Weaning off China

Source: BY MATTHEW CHOI, Politico • Posted: Monday, June 21, 2021

The Biden administration is mulling a ban on polysilicon imports from Xinjiang, responding to calls to confront allegations of forced labor and other human rights violations against Muslim ethnic minorities in the Chinese autonomous region, POLITICO’s Kelsey Tamborrino and Gavin Bade report. The ban would grant Customs and Border Protection authority to seize the crucial solar components at ports if it suspects they were made with forced labor.

The exact enforcement strategy still isn’t clear, but the agency was not shy in implementing a similar ban on cotton products from the region, requiring companies to prove cotton fibers are not from Xinjiang.

Advocates and lawmakers have long been pushing for the action against Xinjiang. The State Department has labeled Beijing’s actions in the region a genocide, and the Chinese government strictly limits information and other accountability measures in the area.

A school in Xinjiang covered in pro-China slogans

Pro-China slogans cover a school in Xinjiang. The region has come under the spotlight amid allegations of human rights abuses against Muslim ethnic minorities. | Ng Han Guan/AP Photo

But the ban could wrinkle President Joe Biden’s green-energy goals, with Xinjiang supplying about half of the global polysilicon supply. And the strained supply chain is already slowing projects and raising costs for solar manufacturers. Still, SEIA President and CEO Abigail Ross Hopper told Kelsey and Gavin that the industry is bracing itself for whatever action the administration takes as it leads its own push away from reliance on Xinjiang.
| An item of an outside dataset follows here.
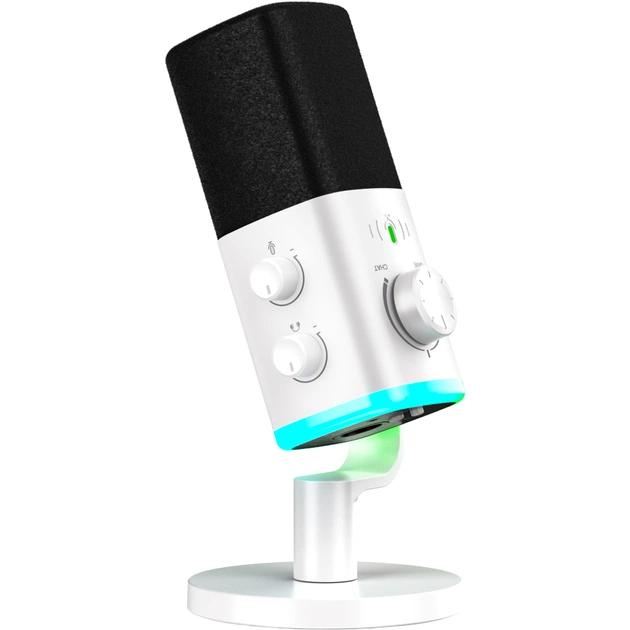 Микрофон Fifine AM9W USB White (AM9W) - изображение 4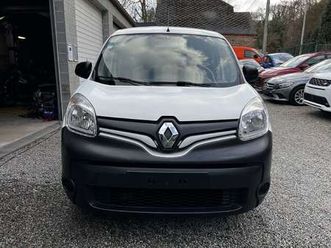 fourgon utilitaire - garantie - tvac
Rep. Dan Kildee, who has been calling for action on Xinjiang, said the moral imperativetrumps concerns over temporary supply chain bumps. “First of all, prices are going to be a function of a lot of different variables. One, scale and volume, and the other is certainty,” he said. “But third, and probably most importantly, the lowest price coming from slave labor is not justifiable.”